The Science, Technology, Engineering, and Mathematics Education Institute (STEM Education Institute) at the University of Massachusetts Amherst is funded by the Provost and the Deans of Education and of Natural Science and Mathematics. Its Director is Morton M. Sternheim, Professor of Physics. STEM is designed to enhance the University's teaching, research, and academic outreach missions in its fields of interest. Its clientele includes K12 students, students in introductory college level courses, and school and college faculty working with these students. Activities include coordination, encouragement and support of research, curriculum development, dissemination, and program implementation.
The Institute is an outgrowth of a Science After School Task Force established in March, 1992 to consider how to make it possible for Western Massachusetts teachers to take science, technology, engineering, and mathematics courses at the University. The task force included faculty and staff from the University and from area schools. It soon discovered that there were related issues waiting to be addressed, including preservice teacher education. It also learned that there are many members of the University and Five College community working in the area of K14 science, technology, engineering, and mathematics education. They are based in various departments and in many cases are not aware of other local programs related to their own interests.

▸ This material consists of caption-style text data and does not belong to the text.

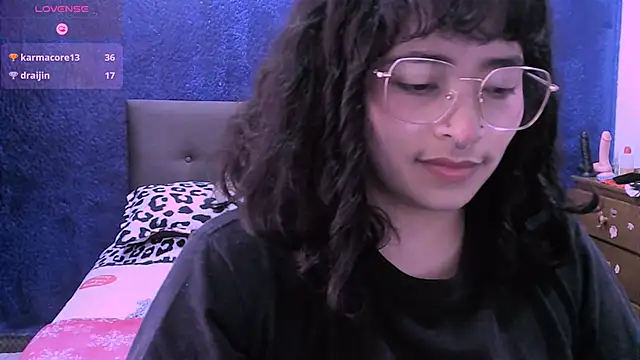 NinaYellow online show from October 22, 4:23 pm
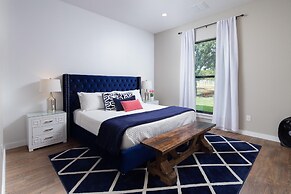 The White House On The Horseshoe 8 Bedroom Home by RedAwning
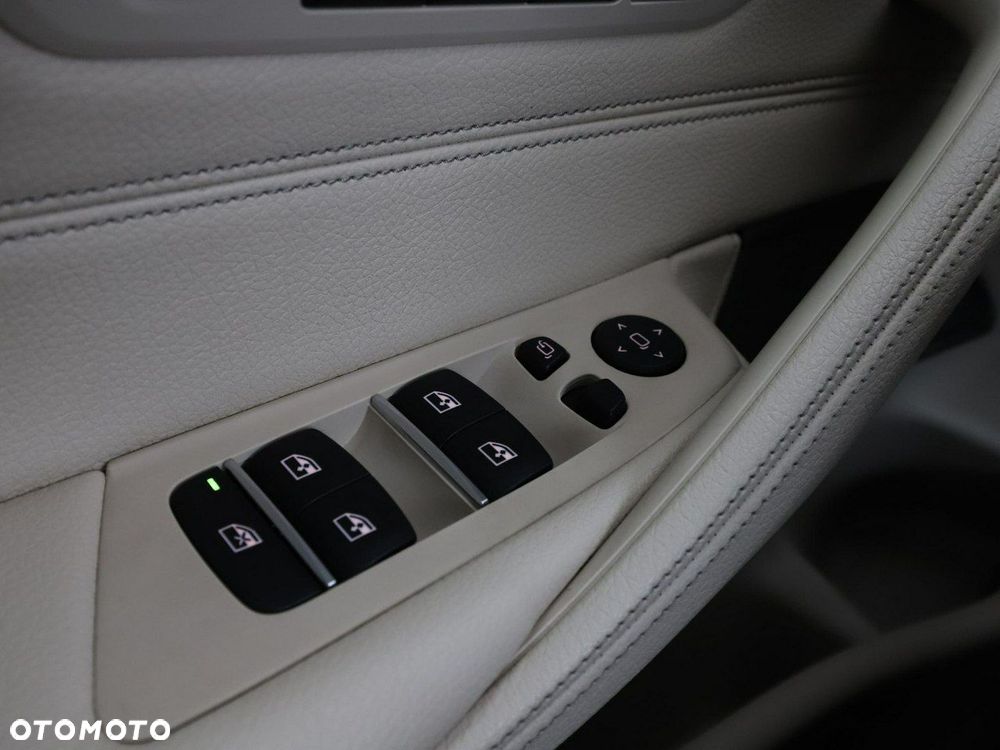 BMW Seria 5 520d xDrive - 38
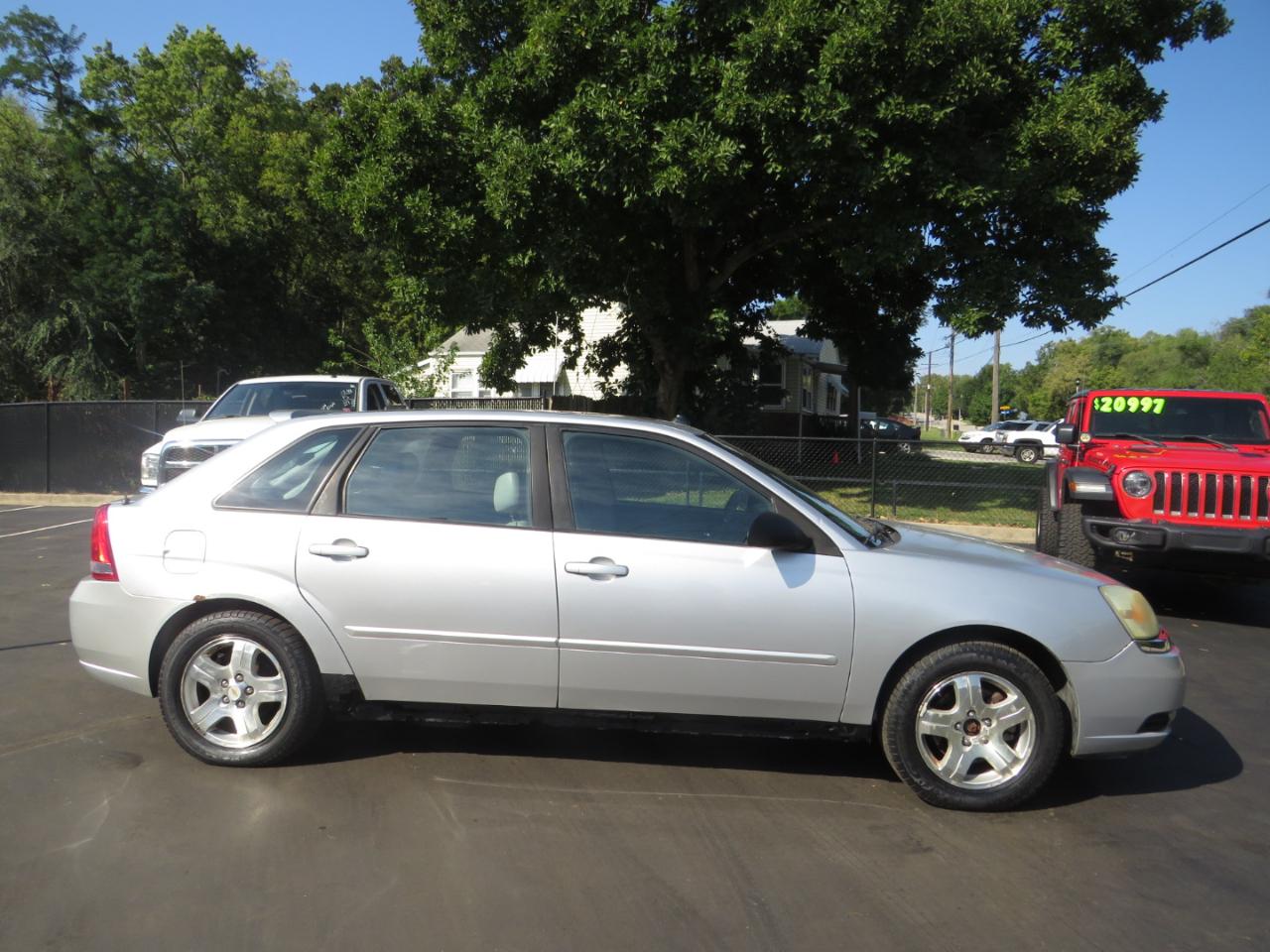Chevrolet Malibu Maxx 4dr Sdn LT 2005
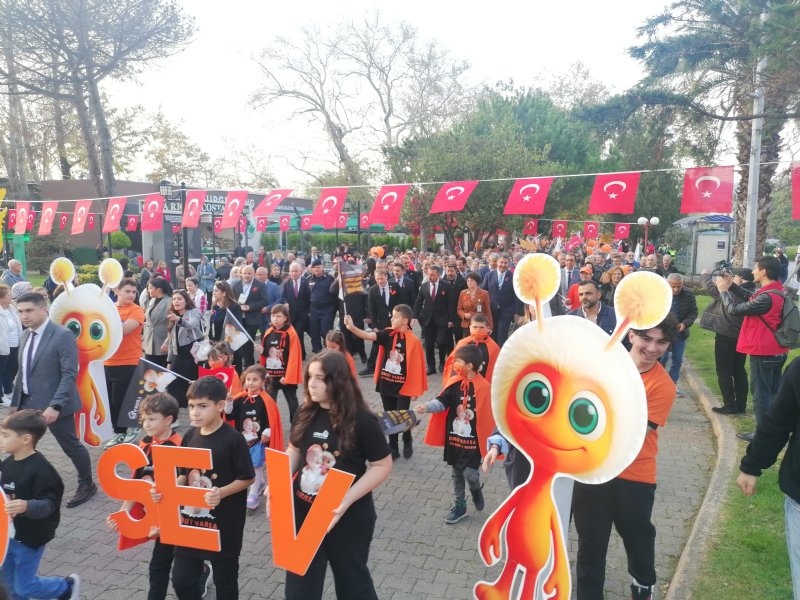 KALBİ AYNI UMUTLA ATAN  ÇOCUKLAR İÇİN YÜRÜNDÜ - 4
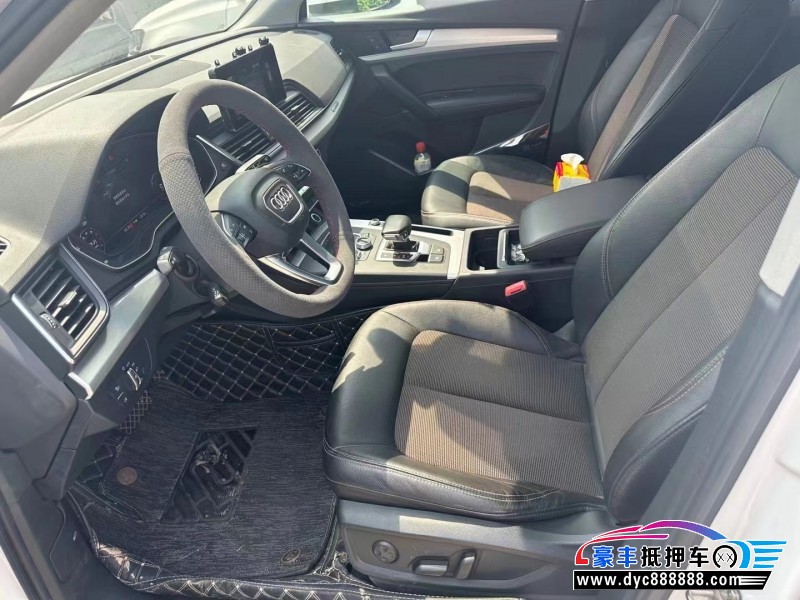 19年奥迪Q5轿车抵押车出售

The Institute brings these people together, facilitating joint efforts and avoiding unnecessary duplication. It brings coherence to programs that are presently totally disjointed. Above all, it play a major role in meeting the University's goals in academic outreach, teaching and learning, research, diversity, and multiculturalism. The synergistic effects of coordinating these efforts helps the University to play a leadership role in the national and state efforts to reform and improve science, technology, engineering, and mathematics education.